Mr. Bernard Jenkin (Colchester, North): Is not it somewhat ridiculous for the hon. Member for Sheffield, Brightside (Mr. Blunkett) to hinge his entire education policy on a diatribe against selection that is based on one experience in one town, when there are grammar schools all over the country in towns such as Colchester that co-exist successfully with comprehensive schools and sixth-form colleges? Does not that prove comprehensively that selection and achievement go side by side?

Mrs. Shephard: I am afraid that, yet again, the hon. Member for Brightside has demonstrated a paucity of policy and has sought to ignore the facts.

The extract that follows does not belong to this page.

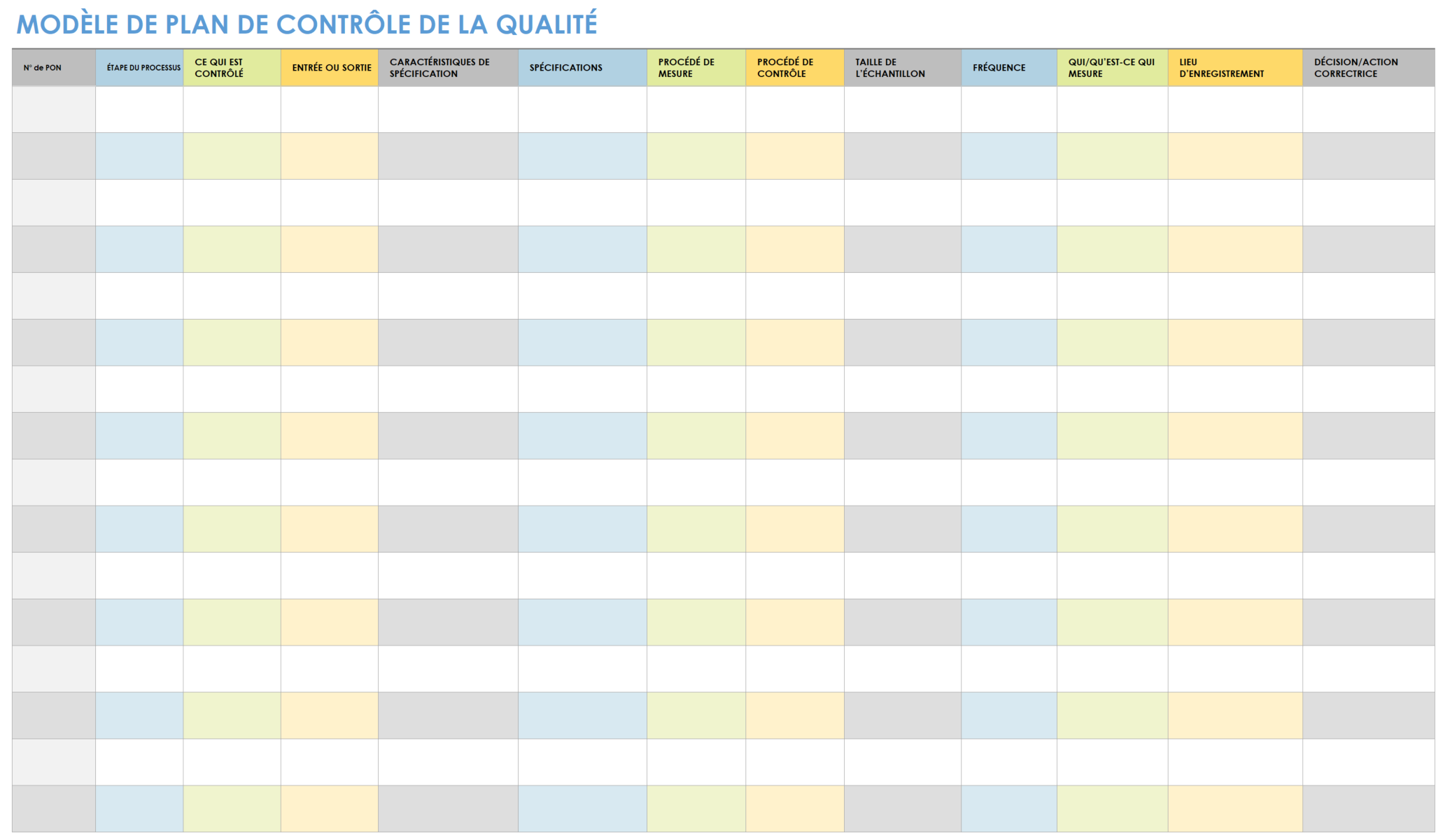 Plan de contrôle qualité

Mr. Nigel Spearing (Newham, South): I am grateful to the Secretary of State who, like everyone else, is concerned about breaking the cycle of deprivation. I hope that the right hon. Member for Wokingham (Mr. Redwood) is concerned about that also. However, would not his selection policy--while providing what the right hon. Lady calls opportunity for some--deny opportunity to others? Is she claiming that the policy advocated by the right hon. Gentleman and the selection policies to be included in the Bill will not deny opportunity to some, because in the past--as she must admit--they surely have?

Mrs. Shephard: I hope that the hon. Gentleman listened to the words of my hon. Friend the Member for Colchester, North (Mr. Jenkin) and to my earlier points about the achievements of, for example, Wiltshire, Buckinghamshire and Bexley. There is no evidence to support the comfortable theory expounded from the Labour Front Bench that selection must result in reduced standards--that simply is not true.

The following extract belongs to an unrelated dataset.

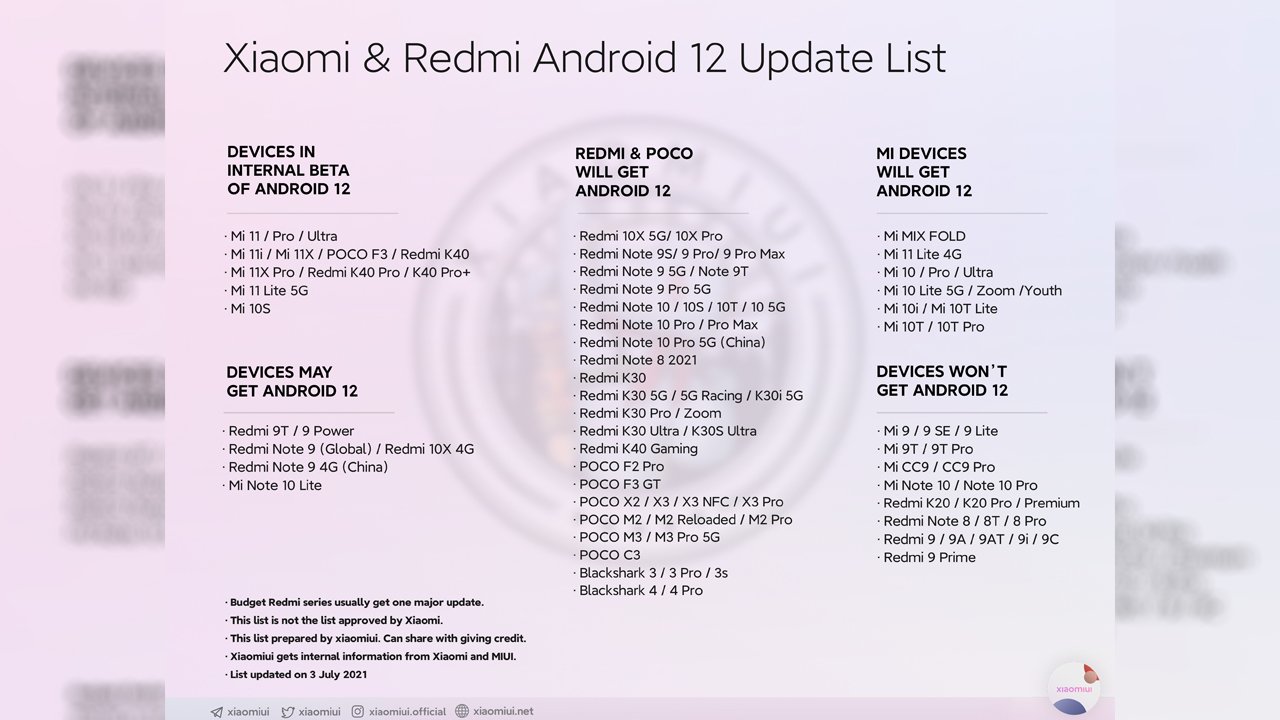 Android 12 güncellemesi alacak Xiaomi cihazlar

We are concerned about standards. We have already done a great deal--all of it opposed by Opposition Members--but there is, nevertheless, more to be done. We are, therefore, introducing a national curriculum for initial teacher training, so that every new teacher learns the methods that really work for reading, writing and arithmetic, on which all other skills are founded. We are reforming in-service training for teachers and setting up literacy and numeracy centres. We have introduced training for head teachers, leading to a new professional qualification, because the quality of learning for children depends on the quality of teaching and leadership in schools.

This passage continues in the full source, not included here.